Chef Costas Spiliadis delivers Poseidon-pleasing seafood at restaurant Estiatorio Milos – the home-grown outpost of his international Greek fine-dining brand. The focus is on simple Mediterranean flavours, quality ingredients and just-caught fish fresh from the Aegean. Guests can sample delicate oysters, whole fish baked in sea salt (crust cracked at the table), and a raw fish bar with the catch of the day served sashimi-style or as a light citrusy ceviche. Popular with Athens’ social set, the bright and airy dining room features a soaring ceiling flanked by a sculptural fishing net (indicating… well, it should be obvious) and a sea-foam colour palette. 

Hotel bar

Milos bar serves up coffees, cocktails and an extensive wine list, set to a soundtrack approved by Greek composer Stavros Xarchakos.

Room service

24-hour room service is available, and in-room dining tables let you replicate the restaurant’s top-drawer dining in private.

Location

Photos Xenodocheio Milos location
Address
Xenodocheio Milos
Kolokotroni 3-5
Athens
10562
Greece

Xenodocheio Milos sits in a near-impossible-to-beat location right in the centre of Athens, on a lacquered square opposite the Old Parliament and steps from Syntagma Square and the National Gardens.

Planes

Athens International Airport is a 35-minute drive away. The hotel can arrange taxi transfers. Alternatively, take the M3 metro line: it’s a 37-minute ride direct from the airport to Syntagma metro station, which is less than five minutes’ walk from the hotel.

Trains

Athens central railway station is a 10-minute taxi ride from the hotel.

Automobiles

Driving may not be your preferred method of transportation in big, traffic-choked Athens, but it’s achievable to take in the storied capital as part of a longer trip. The hotel doesn’t provide parking, but motorheads will find a private car park within a few minutes’ walk. Road trippers can use the metropolis as a jumping-off point for a street safari taking in Delphi with its 4th-century Temple of Apollo, visiting the ancient port city of Thessaloniki, or tracking Hercules and Helen of Troy through the Peloponnese.

Other

Seafaring Smiths may prefer to approach Athens by boat. Charter a yacht to combine a spot of island hopping with your cultural odyssey of the capital, or take an overnight ferry from Rhodes or Crete. For maximum drama, we recommend riding the Venice-Simplon-Orient-Express to Venice and crossing to Athens by ferry.

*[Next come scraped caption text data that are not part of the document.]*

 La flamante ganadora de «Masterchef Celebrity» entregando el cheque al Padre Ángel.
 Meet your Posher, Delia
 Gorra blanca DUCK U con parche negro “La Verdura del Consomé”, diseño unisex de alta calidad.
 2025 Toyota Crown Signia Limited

Worth getting out of bed for

Greece’s glittering ancient capital is a many-layered urban moussaka. The Acropolis on its rocky outcrop overlooks glitzy rooftop cocktail bars, souvlaki-scented taverns, and contemporary galleries housed in gracefully crumbling neoclassical mansions. It’s dominated the Athens skyline for 2,500 years and this cluster of historic buildings, which include the Parthenon, is worth the hike. Visit in the morning or late afternoon to beat the heat (and the crowds). Room for more? The marble Temple of Poseidon on Cape Sounion offers ocean views worthy of the gods from its cliff-top perch. 

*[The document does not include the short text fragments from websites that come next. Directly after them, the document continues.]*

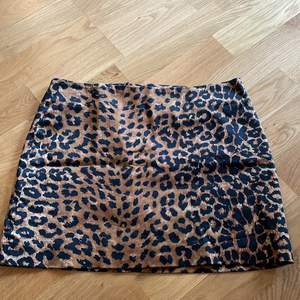 Leopardmönstrad kjol från H&M. Storlek: 36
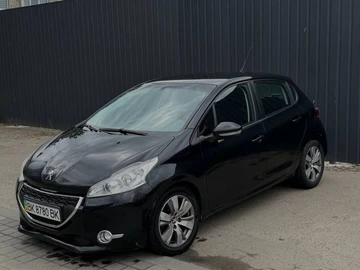 Авто Peugeot 208 2014 № 8972124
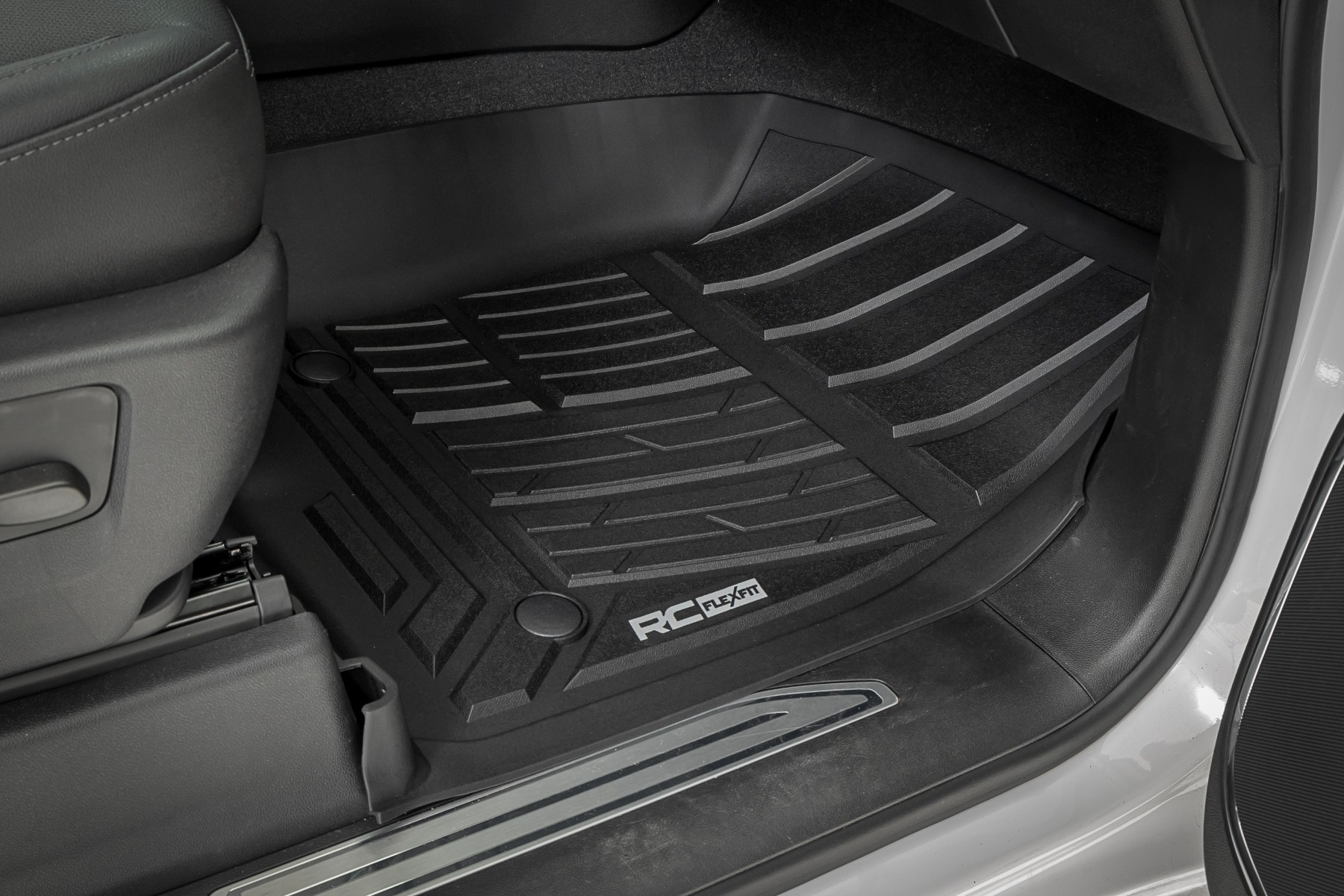 Flex-Fit Floor Mats | FR & RR | FR Bucket | Crew | Chevy/GMC 1500/2500HD/3500HD (19-25 & Classic) - Image 4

It would be a (Greek) tragedy to miss Museum Mile. Spot prehistoric, ancient Greek and Byzantine art at the Benaki Museum of Greek Culture, bronze age artefacts at the Museum of Cycladic Art, and religious icons, rare manuscripts and treasures at the Byzantine and Christian Museum

Beach devotees who prefer a side of sun lounging with their culture-spotting might head to Astir Beach on the Athens Riviera. Back in town, you may choose to explore the Monastiraki neighbourhood, home to the ruins of Hadrian’s Library and the Ancient Agora.

For the best vantage point in Athens, take the funicular railway to the top of Mount Lycabettus, the city’s highest peak, for gods’-eye-view panoramic vistas.

Local restaurants

A traditional tavern-slash-deli, and less than ten minutes’ walk from Xenodocheio Milos, Ta Karamanlidika tou Fani is an aromatic pastomageireio where meats, sausages and cheeses hang from around the deli counter like savoury stalactites. The typically Greek menu features classic dishes like meatballs with tomato sauce, eggplant cream and anevato cheese, smoked eel, and spicy sujuk sausage pie baked in the stone oven. 

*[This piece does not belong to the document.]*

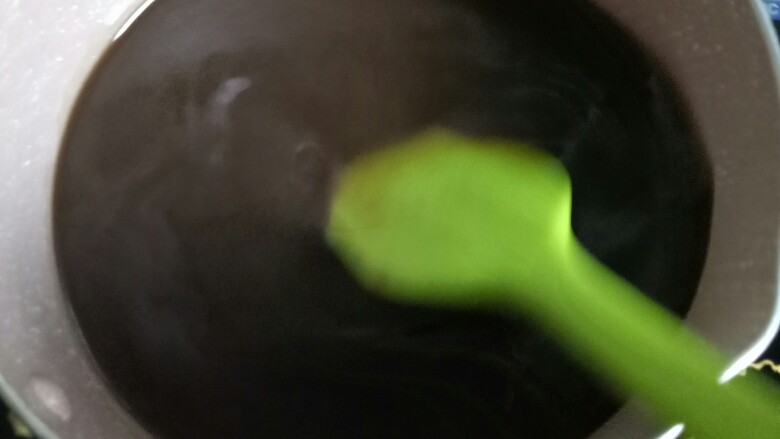 芋圆烧仙草,然后大火加热,煮开,边加热边搅拌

Greek-Japanese fusion eatery Nolan is headed up by Greek Masterchef judge Sotiris Kontizas and is a five-minute walk from the hotel. Its complex dishes such as soba noodles with tahini, smoked salmon and crispy spring onion, and the panko-crusted cod bao burger are worth savouring.

Also within stumbling distance is GB Roof Garden, the rooftop restaurant on the eighth floor of the Hotel Grande Bretagne. This smart, white-table-linen establishment offers cityscape views that take in Syntagma Square and the Acropolis beyond. Book a sunset sitting to watch the ancient citadel light up on the horizon while you feast on beef tartare with aged cheese and winter truffle, or risotto with lemon, calamari and bottarga. 

Local cafés

Ten minutes from the hotel is TAF (The Art Foundation), a trendy multi-use cultural space in a 19th-century neoclassical building near Monastiraki flea market. The open-air café and bar is set in a central courtyard (covered during the winter). There’s excellent coffee, an art gallery, exhibitions, and a shop supporting local Greek designers. After dark, expect cocktails, DJs spinning experimental sets, and jazz. 

Local bars

A five-minute walk from Xenodocheio Milos, Heteroclito cave & bar à vin has one of the city’s most extensive wine lists, friendly service, Greek cheeses and charcuterie, and charming pavement seating where you can quaff the good stuff in the shadow of Athens Cathedral. Also within a five-minute stroll is low-lit cocktail joint Baba au Rum. Expect tropical tiki-style concoctions and an impressive collection of rums. The most popular cocktail on the menu is the Spicy Baba (Trinidad and Tobago rum with ginger, berries and lime) and the avant garde list might pair Martini Bitter with vermouth, blackberries, chocolate and Cuban tobacco leaves, or match bergamot with tomato and citrus flowers. Ya mas!

Reviews

Photos Xenodocheio Milos reviews

Anonymous review

Every hotel featured is visited personally by members of our team, given the Smith seal of approval, and then anonymously reviewed. As soon as our reviewers have returned from this understated-yet-luxurious hotel in the city centre and unpacked their new Greek coffee pot, evil eye collection and belly-warming booze haul, a full account of their stylish gourmet break will be with you. In the meantime, to whet your wanderlust, here's a quick peek inside Xenodocheio Milos in Athens…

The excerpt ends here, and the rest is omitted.